De acordo com números oficiais cedidos pela plataforma educativa Erudera - coincidentes com informações do British Council - o número de estudantes portugueses no Reino Unido aumentou 122% em apenas cinco anos. Durante o ano letivo de 2016/2017 registaram-se 3805 alunos com nacionalidade portuguesa - número que subiu para 8470 em 2020/2021.

Alexandre Pereira e Luís Pinhão são dois portugueses com percursos distintos, mas que cruzam as suas experiências enquanto estudantes em Inglaterra. Em conversa com o DN, estes jovens explicam como tem sido a sua experiência e as dificuldades que ultrapassaram durante a pandemia.

Alexandre, de 20 anos, conta que desde cedo soube que gostava de trabalhar com animais e decidiu fazer a sua licenciatura em Zoologia na Anglia Ruskin University, devido à falta de oferta curricular em Portugal. Assim, viajou até Cambridge em setembro de 2019, sem sequer imaginar que uma pandemia iria mudar todo o seu percurso escolar dentro de poucos meses.

Alexandre Pereira

No primeiro trimestre, conta que estava a viver o "sonho", porém, tudo mudou rapidamente quando surgiu a "alarmante" pandemia. Entre confinamentos, máscaras e aulas online, Alexandre admite que no início tudo foi "estranho", mas que acabou por se habituar a uma nova rotina diferente da que tinha vivido nos primeiros meses na universidade. "Deu para aproveitar o primeiro semestre. Depois, quando começaram os confinamentos tentei ficar o mais tempo possível, mas acabei por ter de regressar a Portugal porque achei que mais valia fazer o confinamento perto da minha família do que sozinho".

Já Luís Pinhão, de 27 anos, foi para o Reino Unido durante o início do pico da pandemia - em setembro de 2020 - para fazer um mestrado em Produção Cinematográfica na MetFilm School London, por motivos semelhantes aos de Alexandre: a falta de oferta formativa na sua área de eleição.

"Fui especialmente por duas razões. A primeira porque em Portugal não existe muita oferta de especialização em cinema e fotografia e é algo que quero fazer para o resto da minha vida. Queria aprender mais sobre a minha área e em Portugal não existia essa especialização tão dedicada como no Reino Unido. Em segundo lugar, o facto de estudar cinema num país que tem muita produção cinematográfica ajuda muito. Estamos logo dentro do mercado de trabalho e num espaço muito criativo como os estúdios de cinema", explica.

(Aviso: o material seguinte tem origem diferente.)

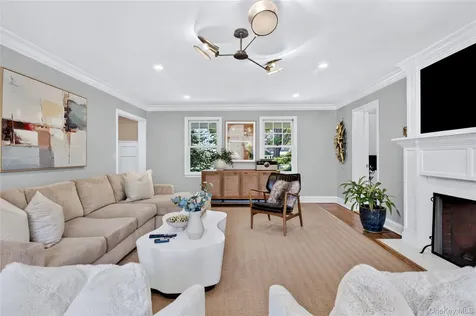 77 Brookside Drive Manhasset NY 11030
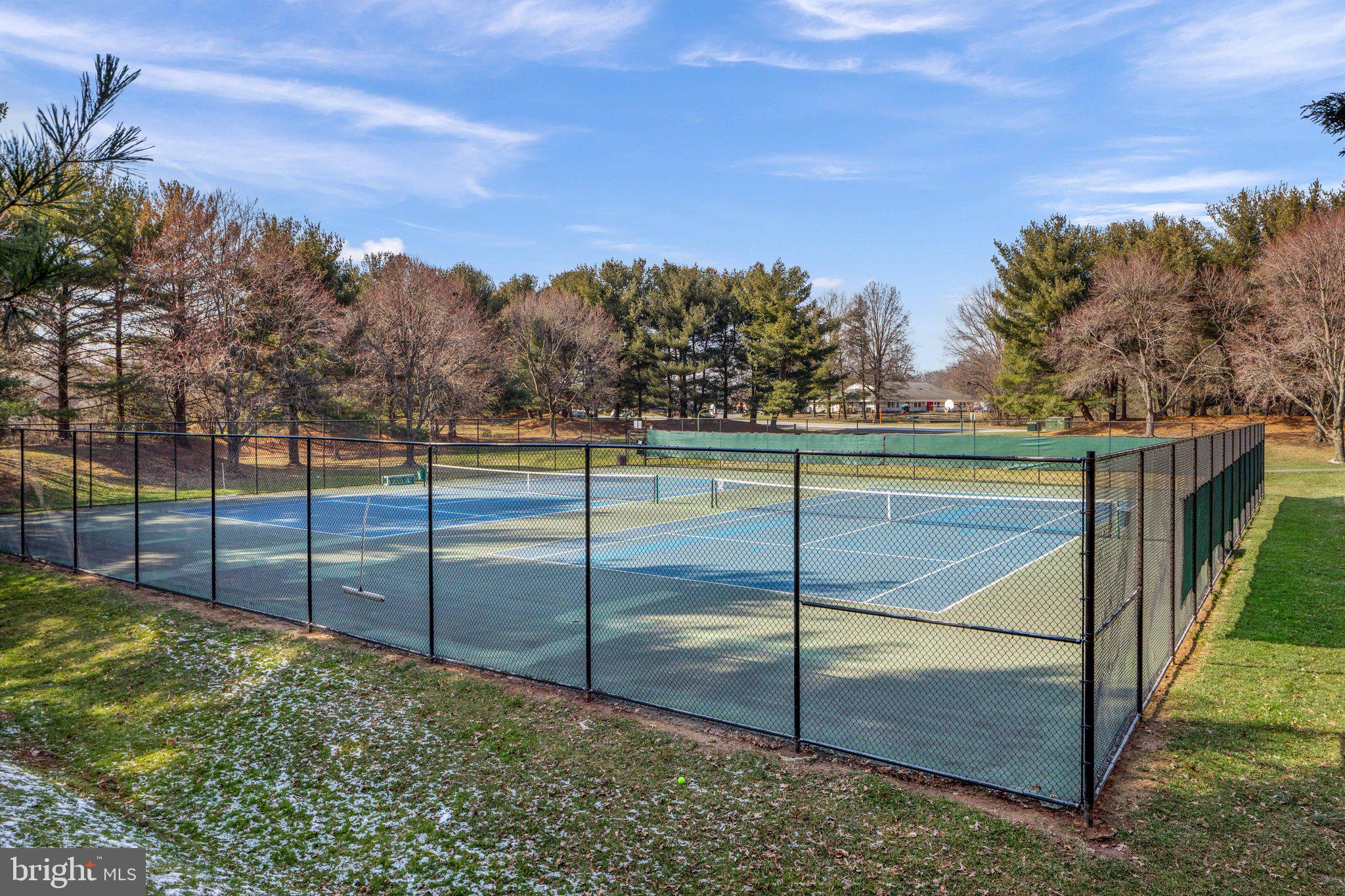 SPRING LAKE ESTATES WEST - Residential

Desconfinamento "acelerado"

Apesar de ter iniciado o seu mestrado já durante a pandemia, Luís diz que as medidas de contenção da covid-19 nunca foram um entrave ou razão que o fizesse desistir de estudar em Inglaterra. Ainda assim, atravessou momentos complicados e regras que tornaram a sua experiência diferente, em comparação com os alunos dos anos anteriores: "Na faculdade havia um grande número de regras que nós tínhamos de manter. A turma foi dividida em dois, para sermos um número inferior de alunos nas salas e para minimizar os riscos de contágio. Falando com alunos dos anos anteriores, nós não tivemos os mesmos tipos de possibilidades, mas a faculdade reagiu sempre muito bem e tentou ao máximo que conseguíssemos ter o mais próximo da experiência "normal" do curso".

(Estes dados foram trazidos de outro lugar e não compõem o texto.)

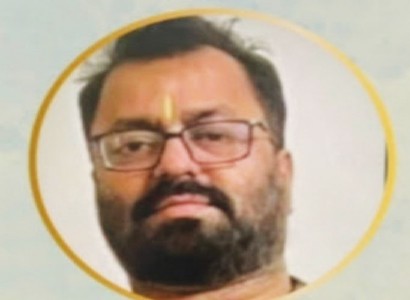 उरणमध्ये मोकाट बैलाची स्कुटीला धडक; हॉटेल मालकाचा मृत्यू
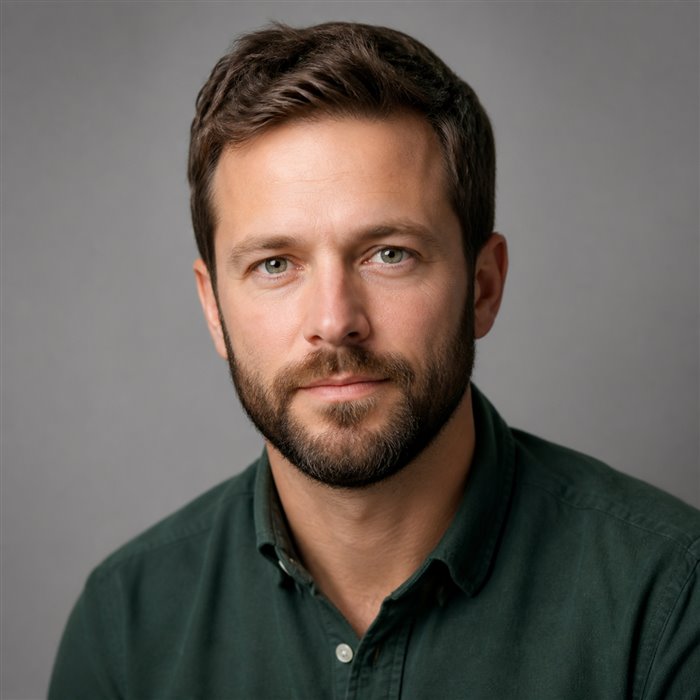 Daniel Lee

"O processo de desconfinamento aqui foi muito acelerado em comparação com Portugal, no sentido em que de repente parecia que "estava tudo bem" e de um dia para o outro a vida tinha regressado ao normal, o que depois também resultou em muitos casos de infeção", sublinha Luís.

Tanto Alexandre como Luís acreditam que o número de portugueses com vontade de se aventurar na Escócia, País de Gales, Irlanda do Norte ou Inglaterra tem tendência para aumentar devido às oportunidades, no entanto, receiam que tudo esteja condicionado pelos efeitos do Brexit, que não facilitam o processo dos novos alunos.

Durante o último ano, os jovens têm viajado para a Escócia, País de Gales, Irlanda do Norte e sobretudo Inglaterra - que contou com o maior número de estudantes portugueses: 8045.

A grande variedade de cursos e a flexibilidade do sistema universitário fazem do Reino Unido um dos lugares mais atrativos para se estudar na Europa e o segundo destino mais popular do mundo entre os estudantes internacionais, logo depois dos Estados Unidos. Só no ano passado, o Reino Unido acolheu cerca de 605.130 estudantes internacionais.